A number of commentators, including heterodox economists, are challenging this view and the feasibility of indefinite GDP growth. Variously, green growth, doughnut economics, eco-socialism and, more radically, no and de-growth are being advocated. Some authors, reviving the earlier insights of Bob Ayres and others,3place energy supply at the core of their analyses and recognise that economic growth, as currently practiced, is a function of energy and its exploitation and that such growth cannot continue indefinitely.
Here I am advancing another, arguably more fundamental, set of propositions about the relationship of humanity’s current dilemma to energy use, work and power.
A wealth of evidence from a range of disciplines underscores the central role of ‘energy’ not only narrowly in the market economy but to all aspects of life. I will argue that many of the problems of 'advanced' societies, such as our own, arise from their dependence on an accelerating exploitation of energy per se irrespective of its source and on ever-more rapidly evolving technologies. Some of these, such as computing and its infra-structure, incur a heavy energy demand. The consequential problems, indeed these addictions, are manifested not only in growing complexity. And in an accelerating rate of change. In economic inequality, in 'silo' effects, in social divisions and alienation and in a mounting ambivalence towards our inherited democratic institutions.

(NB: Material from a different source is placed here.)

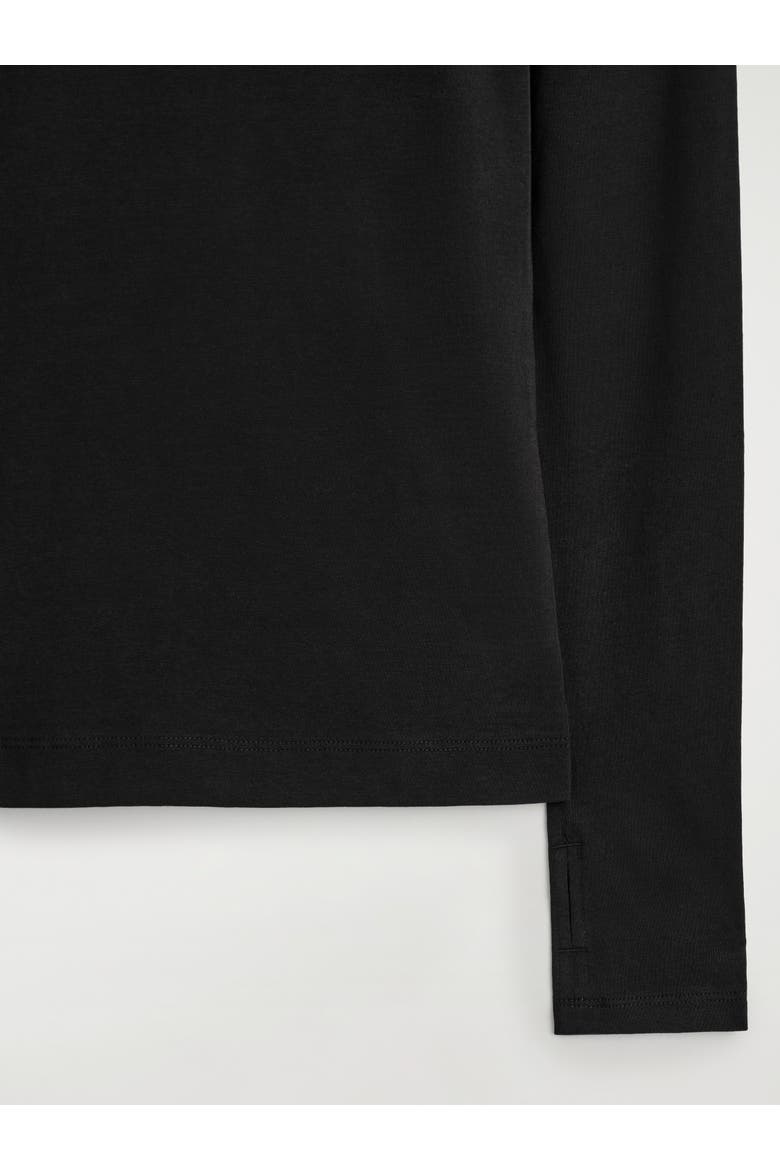 Cotton Long-Sleeved Top, Alternate, color, BLACK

In this essay I locate AGW at the apex of the millennial history of planetary energy exploitation and in doing so, challenge the conventional wisdom alluded to above. I assert that energy, more properly ‘free energy transformations’, lie at the heart of both evolutionary history and modern human society, including, of course, our civilizations, our great cities and our global economy. Further, humanity’s problems cannot be understood or mitigated without an appreciation of the fundamental relationships between energy transformations, work, power and complexity in both the biological and human spheres.
I will first outline briefly the background in the physical, biological and behavioural sciences, expanding on the analysis in my book “Energy The Great Driver” 4before turning to the impacts of energy-driven power and complexity on human wellbeing and culture, in general, and AGW, in particular.